I am a teacher, specializing in English/writing classes for home school and Christian school students. As I recently posted on my website, I am also a novelist. However, all of my life I have been an avid reader. It all began in the third grade when my local branch of the Enoch Pratt Free Library (the Baltimore public library system) held a summer reading program for kids. After that, I was hooked.
Through the written narrative, I have met hundreds, maybe thousands of fascinating people over the years. With a book in my hands (or Kindle), I enter their minds, their hearts, and experience the intense emotions they feel as they encounter seemingly insurmountable challenges. I learn to empathize with people of different ages and cultures. I am able to “live” history. And, I am absolutely positive that all of this reading made me a better writer, even as far back as grade school.
Parents ask me all the time, “How can I help my child write better?” My first answer: encourage them to read. Buy them books. Read the books with them. Make sure they have a library card. When they are young, go with them to the library. Let them see you choose a book to bring home and read. Talk about the books you read, the themes, the characters. Ask them about the books they are reading. What do they like? Or, just as important, why did they stop reading the book? .

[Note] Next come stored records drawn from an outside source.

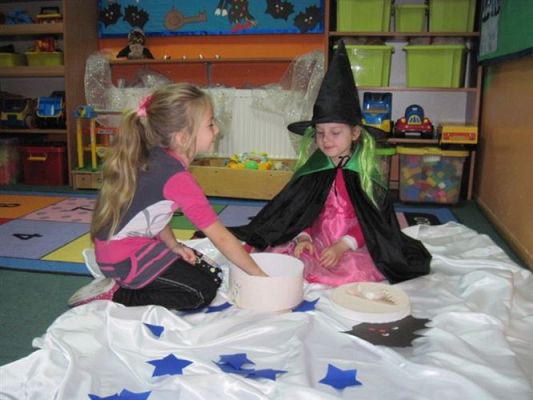 Grafika #43: 28.11.2014 - Andrzejki - wróżby i zabawy w grupach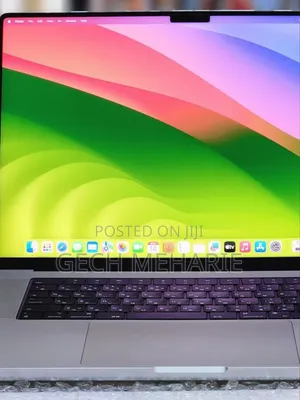Photo - New Laptop Apple MacBook Pro 2021 M1 32GB Apple M1 Pro SSD 512GB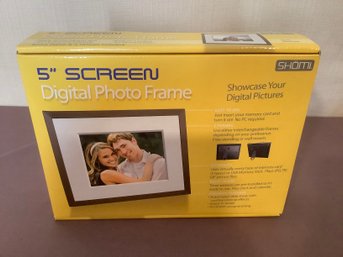 Shomi 5' Screen Digital Photo Frame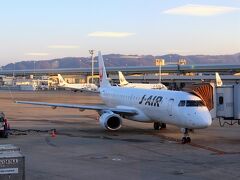 JALマイル修行4日目。

伊丹空港から福岡空港に行きます。
良いお天気なので上空からの景色に期待いっぱいです。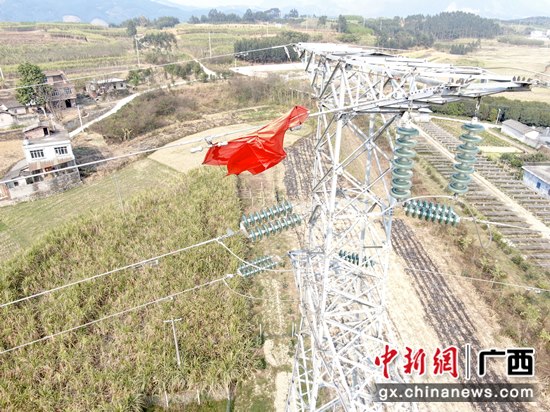 南方电网柳城供电局运用“激光神器”消除供电线路隐患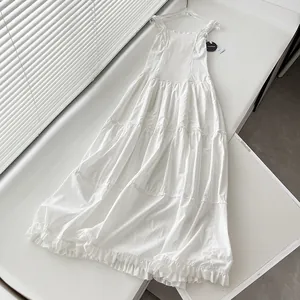 Detalle del dobladillo con volantes y capas de un vestido largo blanco de verano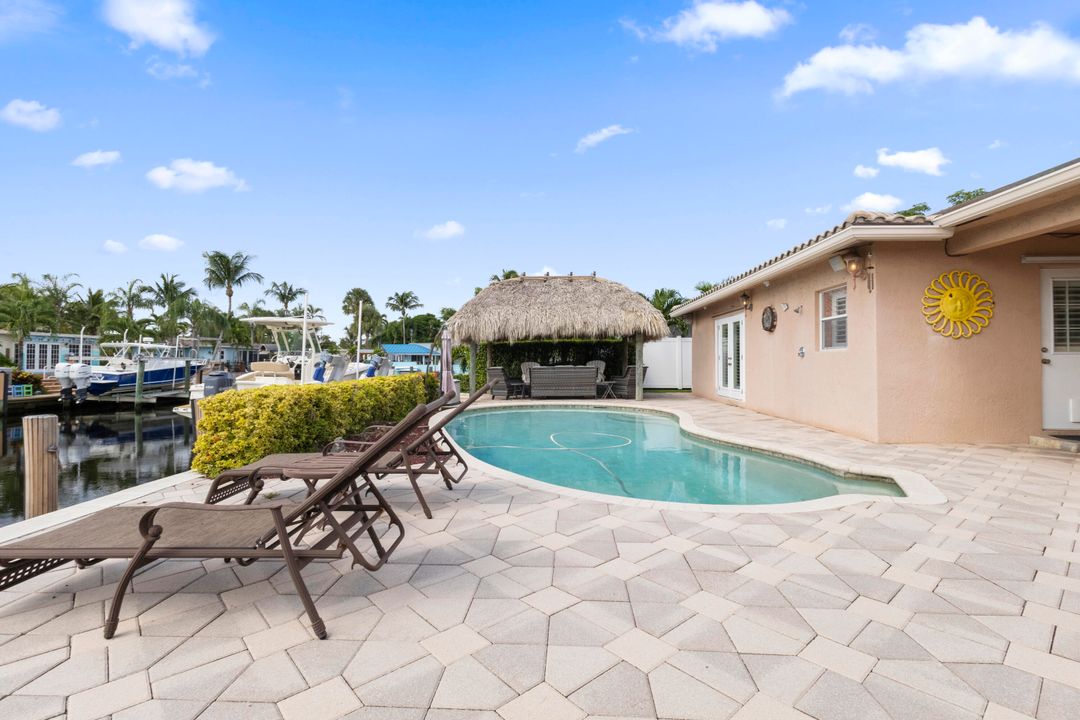 For Sale: $1,695,000 (3 beds, 3 baths, 2092 Square Feet)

After well over a decade of teaching English/writing, I have come to this conclusion: those who read often, write better than those who don’t, hands down. Without even realizing it, as students read, they pick up invaluable tips on sentence structure, vocabulary, plot, characterization, setting, etc. When they sit down to form their thoughts into a fiction or non-fiction format, they are at a definite advantage from having read prime examples in many genres. There are more advantages to reading, but I will cover those in an additional article.